RBM.py 文件源码-python代码片段

def _fit(self, v_pos):
        """Inner fit for one mini-batch.

        Adjust the parameters to maximize the likelihood of v using
        Stochastic Maximum Likelihood (SML).

        v_pos : array-like, shape (n_samples, n_features)
            The data to use for training.
        """
        h_pos = self._mean_hiddens(v_pos)
        # TODO: Worth trying with visible probabilities rather than binary states.
        # PG: it is common to use p_i instead of sampling a binary value'... 'it reduces
        # sampling noise this allowing faster learning. There is some evidence that it leads
        # to slightly worse density models'

        # I'm confounded by the fact that we seem to get more effective models WITHOUT
        # softmax visible units. The only explanation I can think of is that it's like
        # a pseudo-version of using visible probabilities. Without softmax, v_neg
        # can have multiple 1s per one-hot vector, which maybe somehow accelerates learning?
        # Need to think about this some more.
        v_neg = self._sample_visibles(self.h_samples_)
        h_neg = self._mean_hiddens(v_neg)

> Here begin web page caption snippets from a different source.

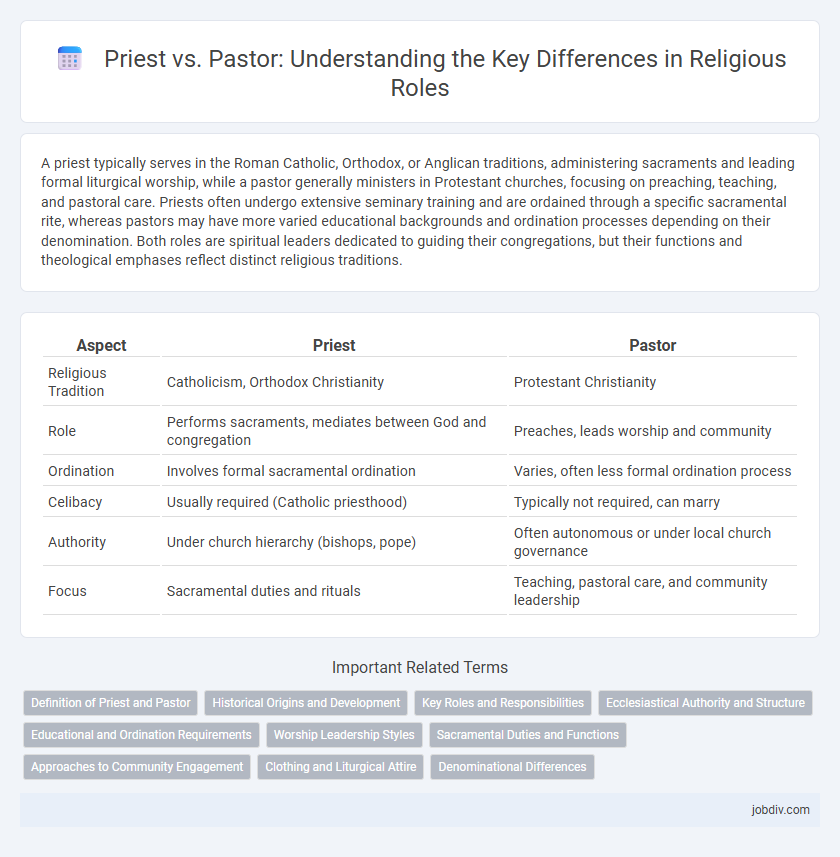 Priest vs. Pastor: Understanding the Key Differences in Religious Roles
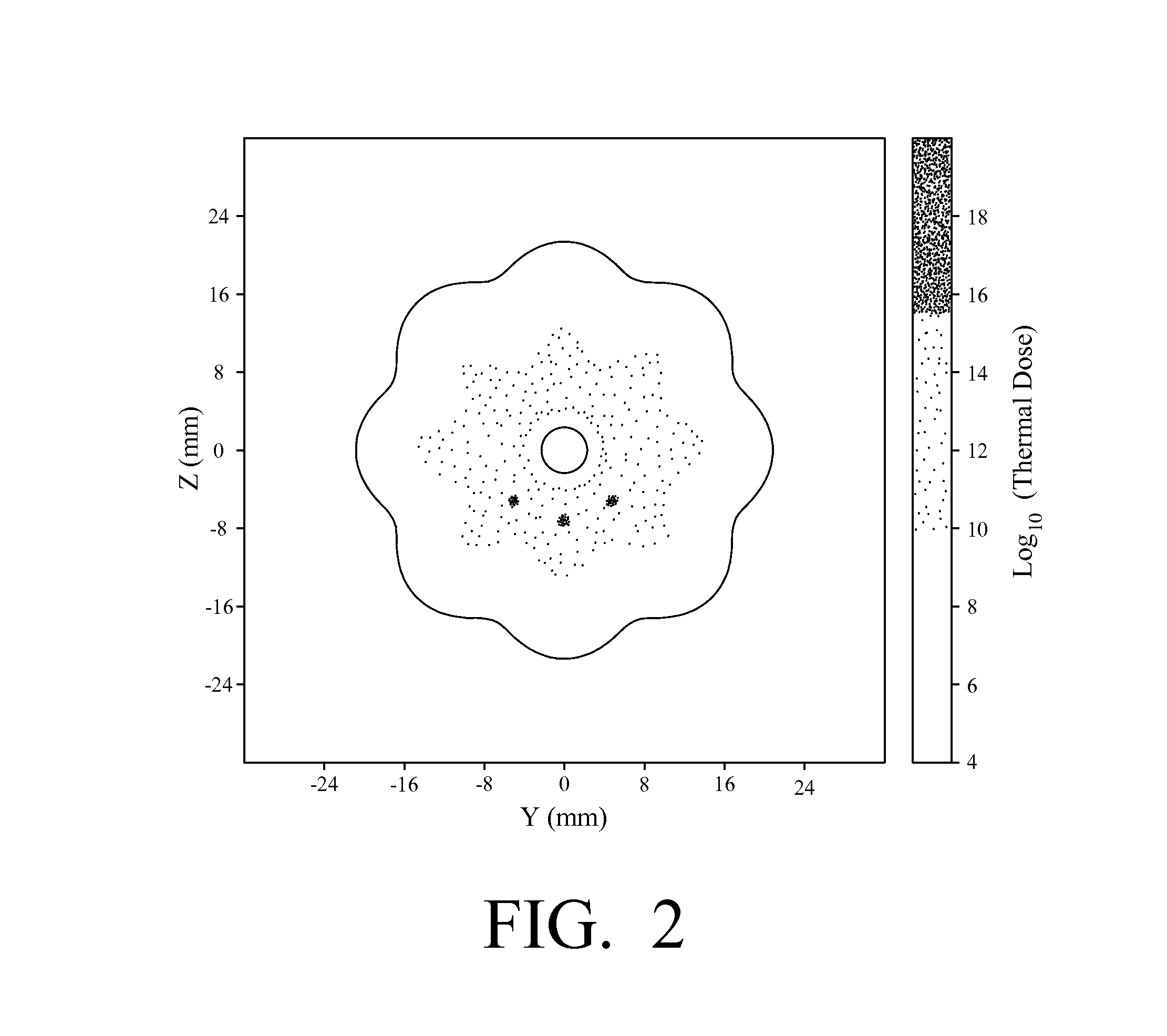 Interstitial ultrasonic disposable applicator and method for tissue thermal conformal volume ablation and monitoring the same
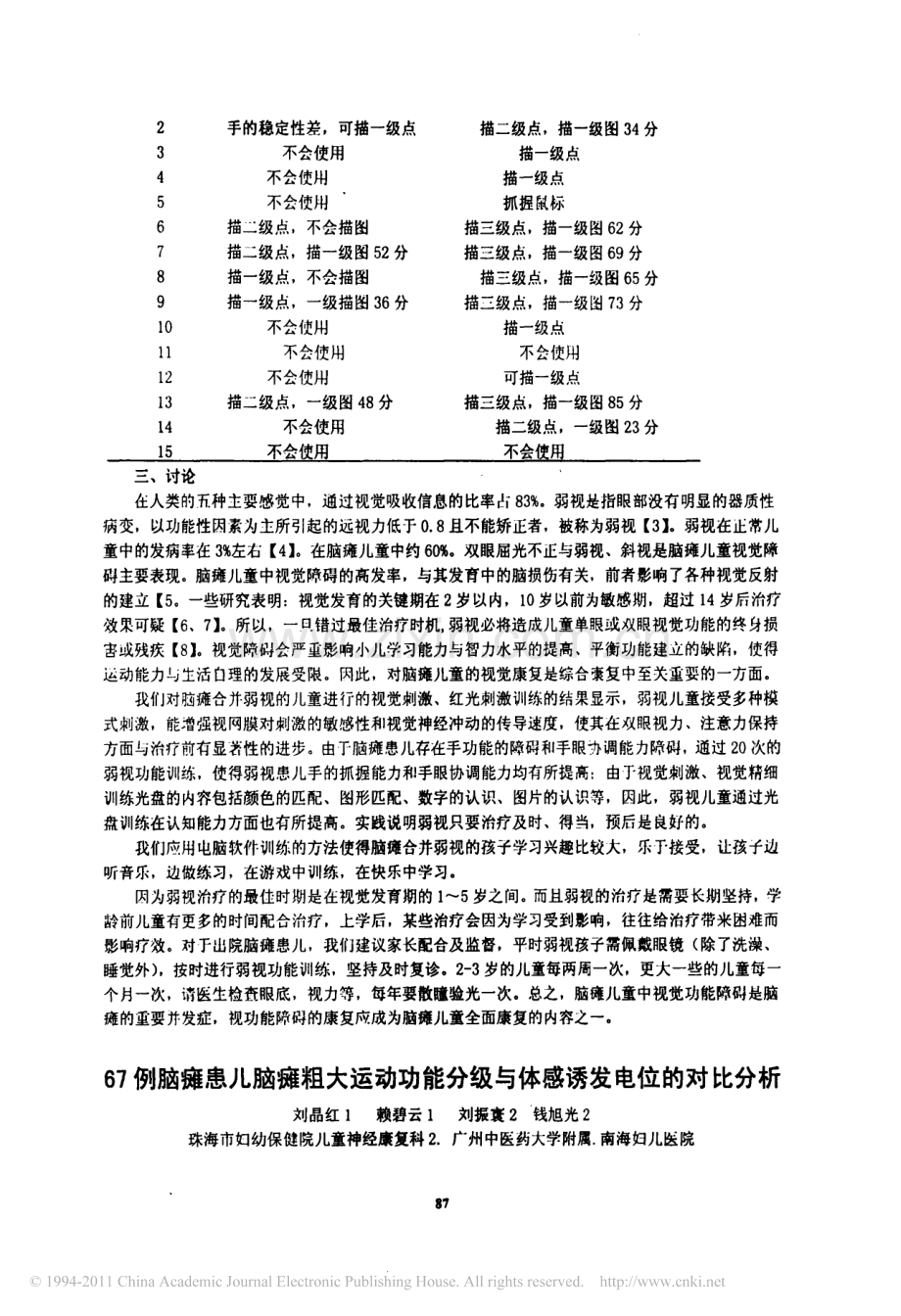 脑瘫儿童弱视功能训练的疗效观察.pdf_第3页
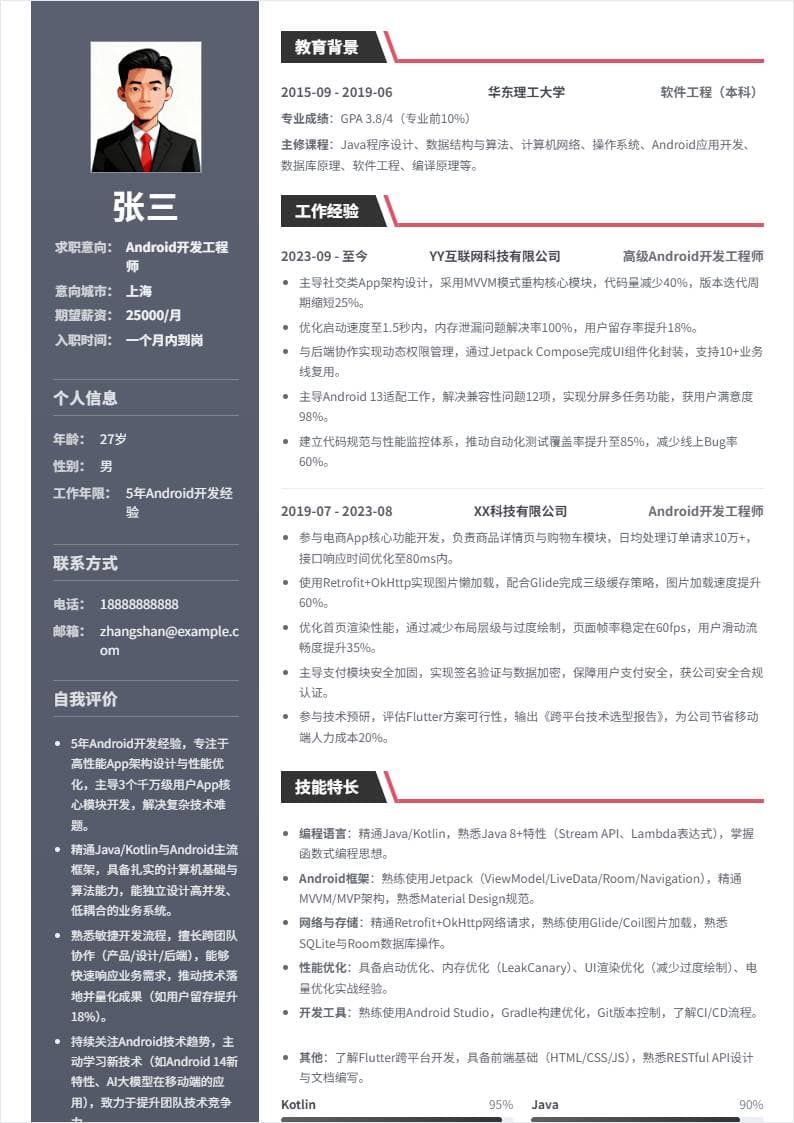 Android开发 | 社招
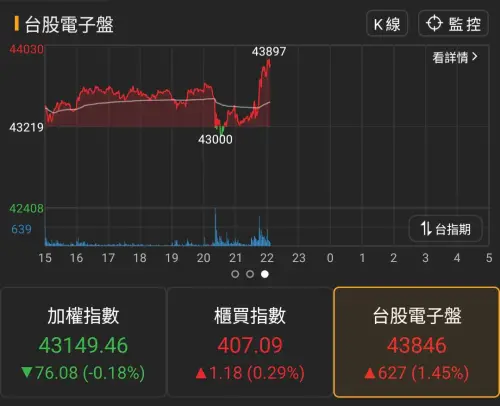 台指期夜盤洗到脫皮！美PPI公布後先崩後彈　上下震盪超過1500點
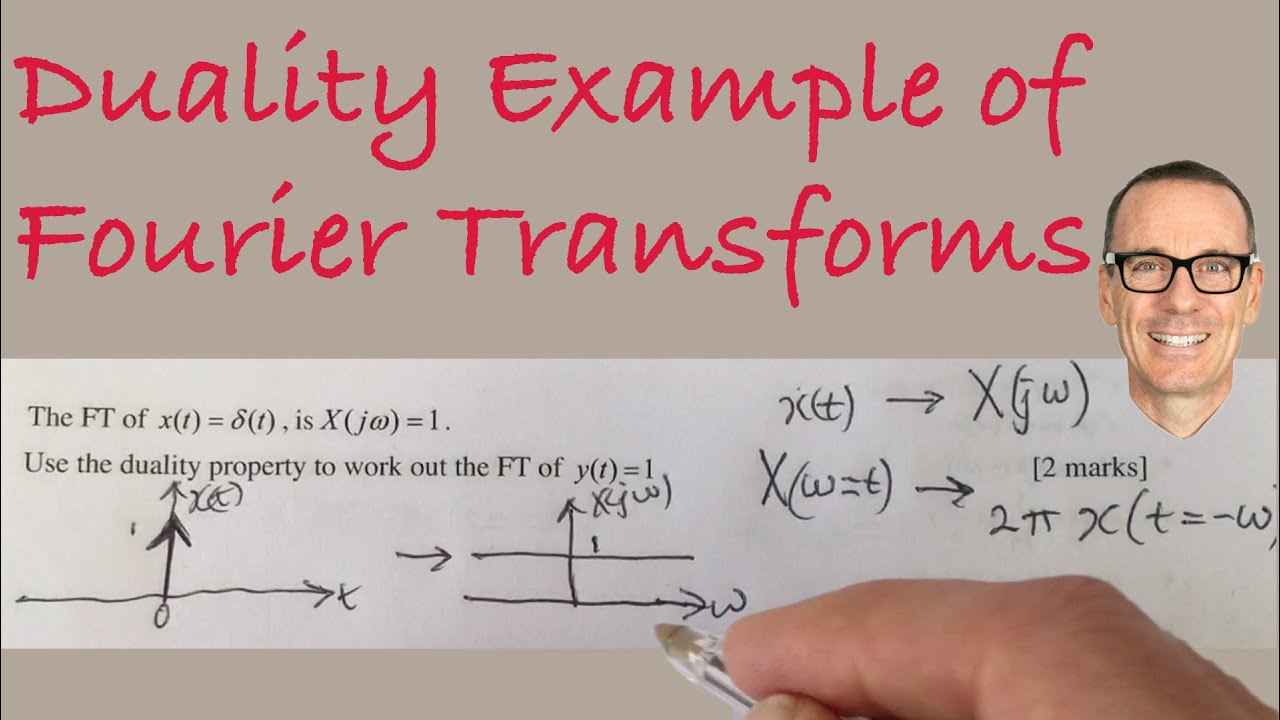 Пример двойственности преобразований Фурье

        lr = float(self.learning_rate) / v_pos.shape[0]
        update = safe_sparse_dot(v_pos.T, h_pos, dense_output=True).T
        update -= np.dot(h_neg.T, v_neg) / self.fantasy_to_batch
        # L2 weight penalty
        update -= self.components_ * self.weight_cost
        self.components_ += lr * update
        self.intercept_hidden_ += lr * (h_pos.sum(axis=0) - h_neg.sum(axis=0)/self.fantasy_to_batch)
        self.intercept_visible_ += lr * (np.asarray(
                                         v_pos.sum(axis=0)).squeeze() -
                                         v_neg.sum(axis=0)/self.fantasy_to_batch)

        h_neg[self.rng_.uniform(size=h_neg.shape) < h_neg] = 1.0  # sample binomial
        self.h_samples_ = np.floor(h_neg, h_neg)